The EEJA report pulls from the national U.S. Energy and Employment Report, which combines federal labor data with a large survey of more than 42,000 businesses across the country.
Energy efficiency work includes:
- Home insulation and air sealing
- High-efficiency HVAC and heat pump installation
- Energy audits and building performance testing
- Efficient lighting and electrical upgrades
- Weatherization programs
- Smart building controls and electrification work
In other words, this is the exact type of work that improves comfort, reduces utility bills, and makes homes healthier.
Why a Growing Workforce Matters to Homeowners
A large, expanding industry means stability. It means training standards improve.
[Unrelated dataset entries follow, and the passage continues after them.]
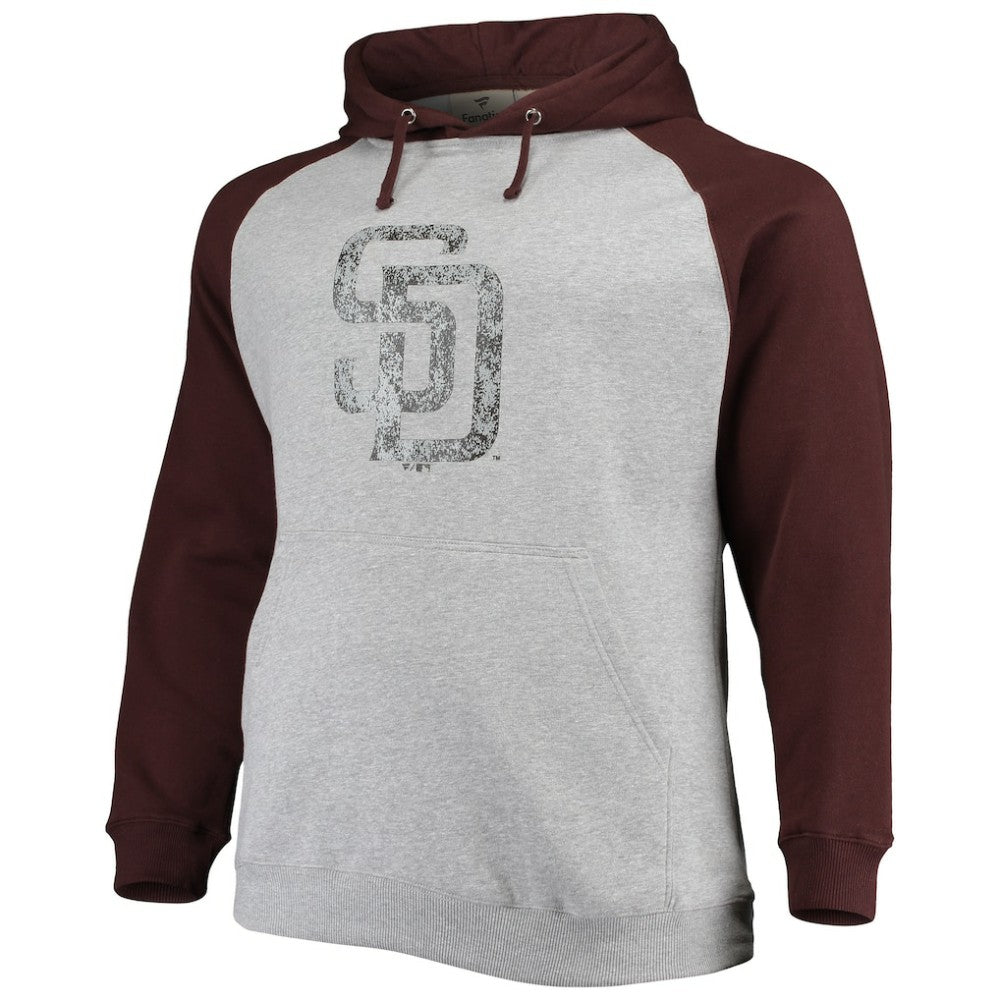 San Diego Padres Big & Tall Raglan Pullover Hoodie - Heathered Gray/Brown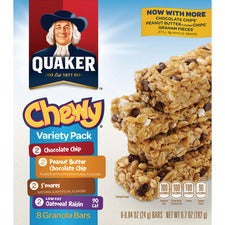 Quaker Oats Chewy Granola Bars Variety Pack Individually Wrapped - Assorted - 6.70 oz - 8 / Box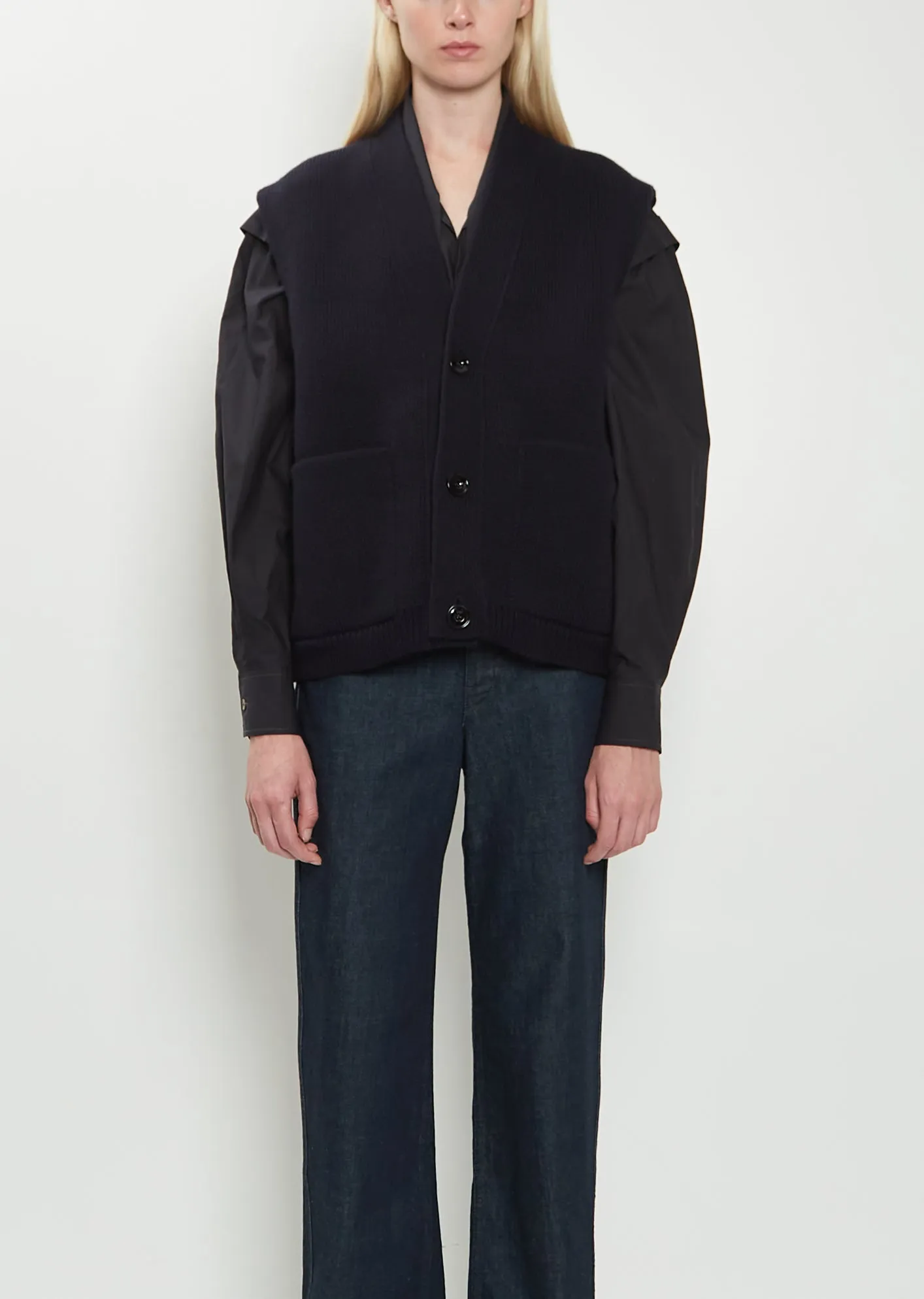 Maxi Sleeveless Cardigan sold by La Garconne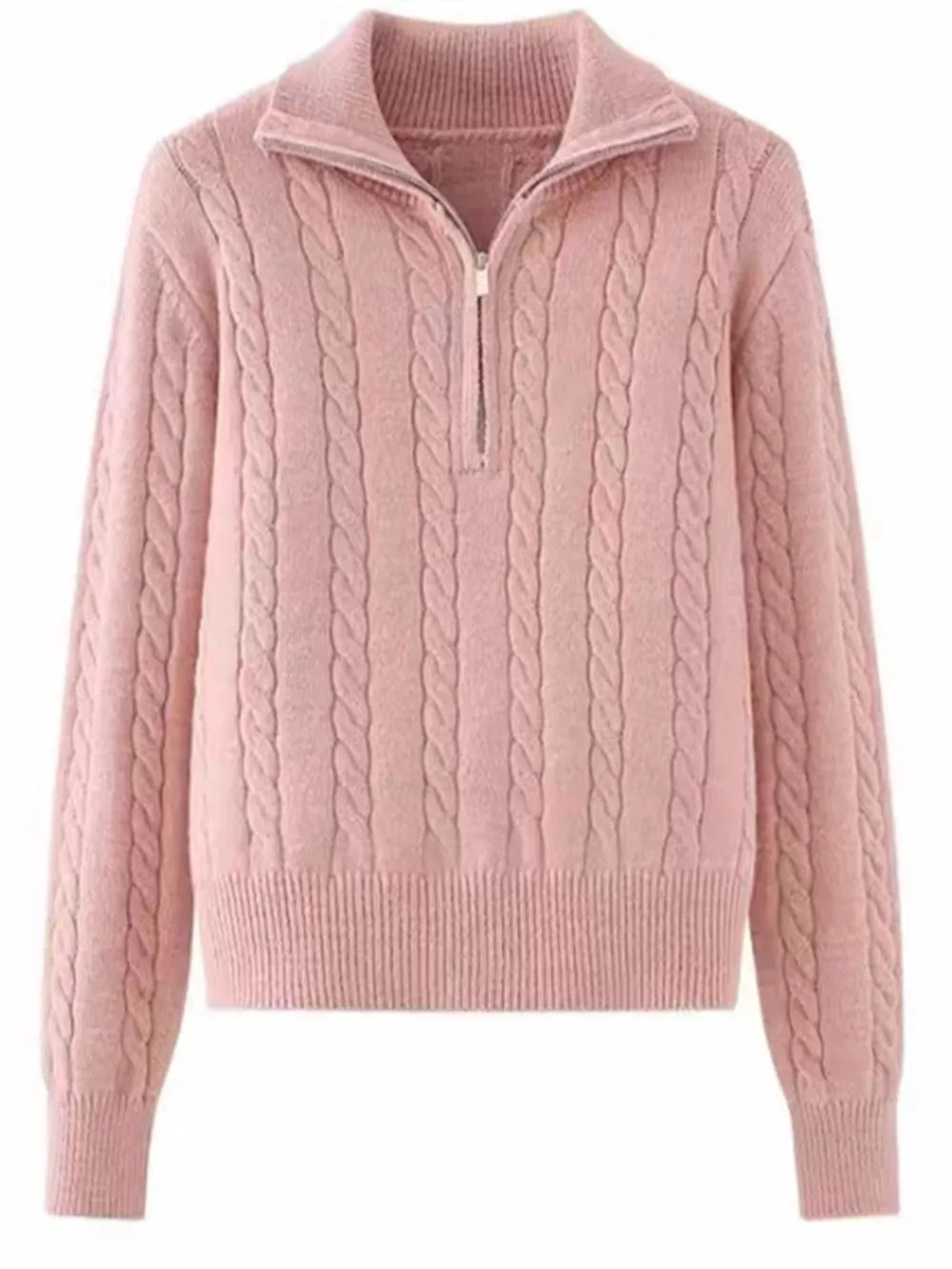 Cable-Knit Half Zip Long Sleeve Sweater, image 17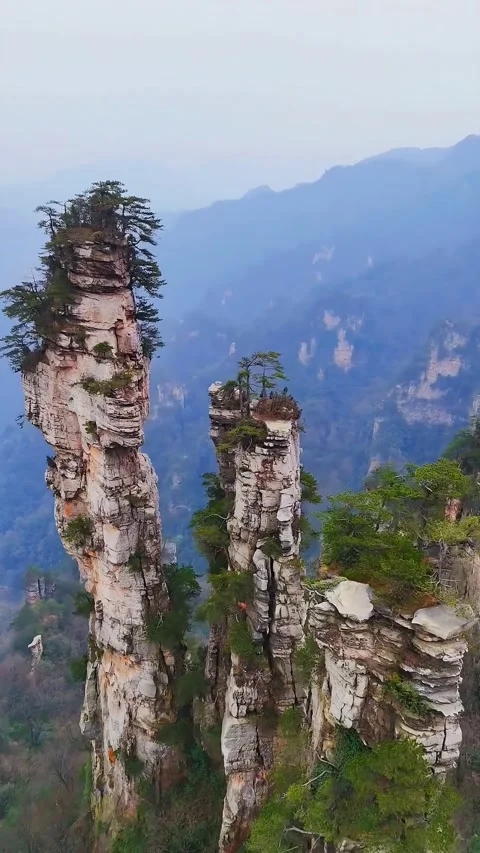 Stunning Aerial View of Towering Karst Peaks in Zhangjiajie Hunan China Stock Footage 345727797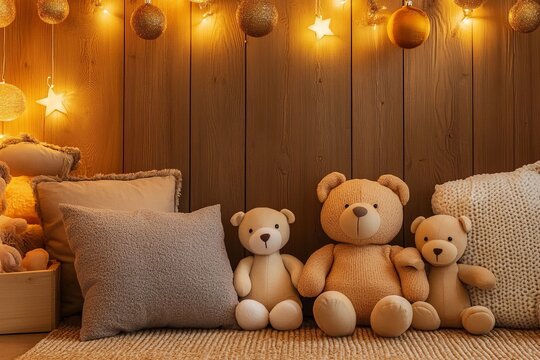 Cheerful children's play corner adorned with holiday decorations and soft stuffed toys in warm lighting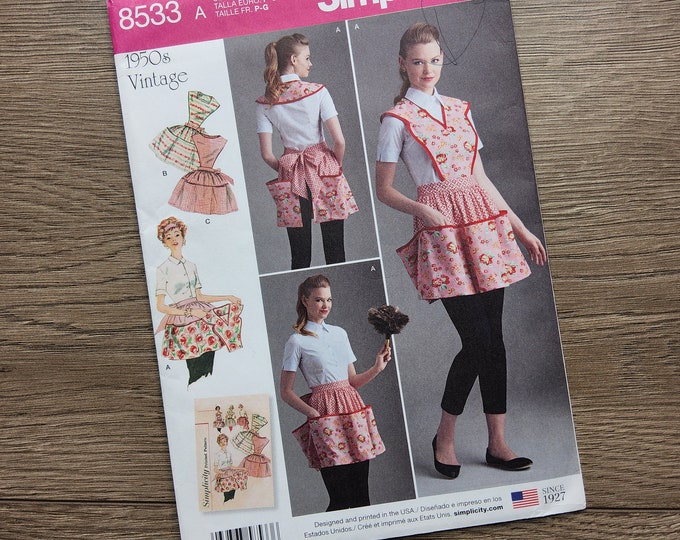 Vintage 1950s Apron With Detachable Bib Sewing Pattern Simplicity 8533 ...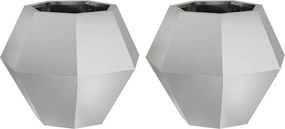 vidaXL Γλάστρα 2 τμχ. Ασημί 50 x 50 x 40 cm Επικαλυμμένος Χάλυβας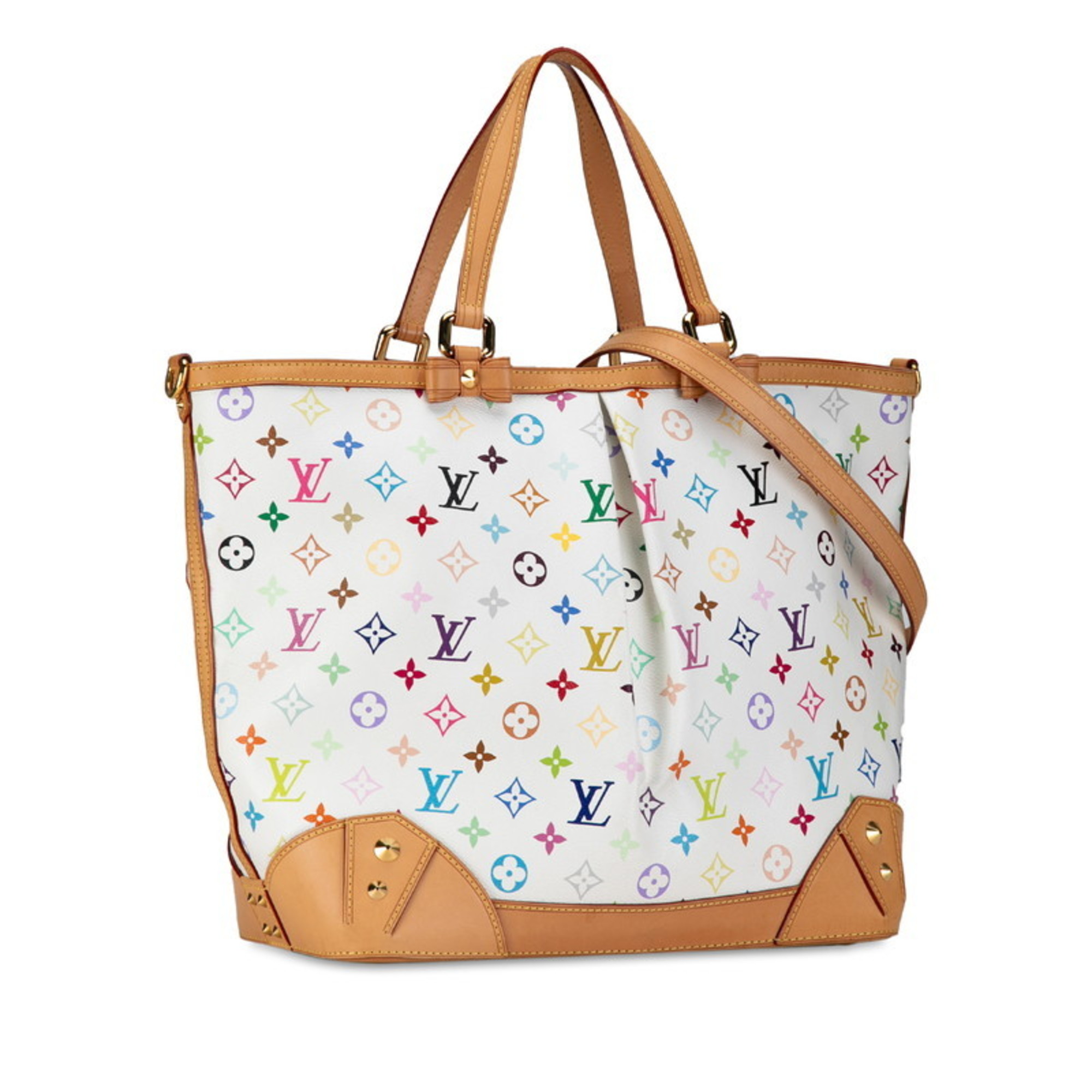 Louis Vuitton Monogram Multicolor Charlene GM Handbag M93214 Blanc White PVC Leather Women's LOUIS VUITTON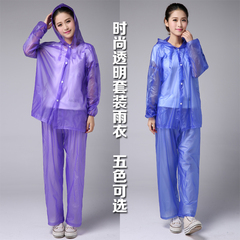 时尚透明套装雨衣雨裤分体塑料韩版雨披男女成人防水户外骑行eva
It means more experienced contractors, better tools, and stronger supply chains.
For homeowners, that translates into:
- More qualified professionals available locally
- Faster adoption of proven technologies
- Better building science practices
- Continued innovation in comfort and efficiency
- Stronger long-term support for installed systems
When an industry keeps growing year after year, it signals that these upgrades are not temporary trends. They are becoming standard practice.
What This Means Here in Maryland, DC, and Virginia
The DMV region reflects the national trend.
Across Maryland, Washington DC, and Virginia, programs supporting energy upgrades continue expanding through utility incentives, weatherization programs, electrification initiatives, and income-qualifying assistance options.
That sustained investment drives local job growth in:
- Residential insulation and air sealing
- Heat pump and HVAC modernization
- Solar and electrification services
- Whole-home energy assessments
Because nearly every county nationwide now has energy efficiency workers, homeowners in this region can expect continued access to trained professionals and program support for years ahead.
How EDGE Energy Fits Into This Growing Industry
For more than two decades, EDGE Energy has worked at the center of this field in the DMV, focusing on whole-home performance rather than single-system fixes.
Our team performs:
- Certified home energy audits
- Air sealing and insulation upgrades
- High-efficiency HVAC and heat pump installations
- Solar and electrification projects
- Program-supported upgrades for qualifying households
The continued national growth of the efficiency workforce reinforces what we have built our work around from the start. Homes perform best when upgrades are designed as complete systems, not isolated equipment swaps.
The Bottom Line
Energy efficiency is no longer a small corner of the energy world. It is one of the largest employment sectors in the entire industry, expanding rapidly and touching nearly every community in the country.
For homeowners, that growth signals something simple. Improving home performance is not experimental. It is established, supported, and increasingly essential for comfort, cost control, and long-term resilience.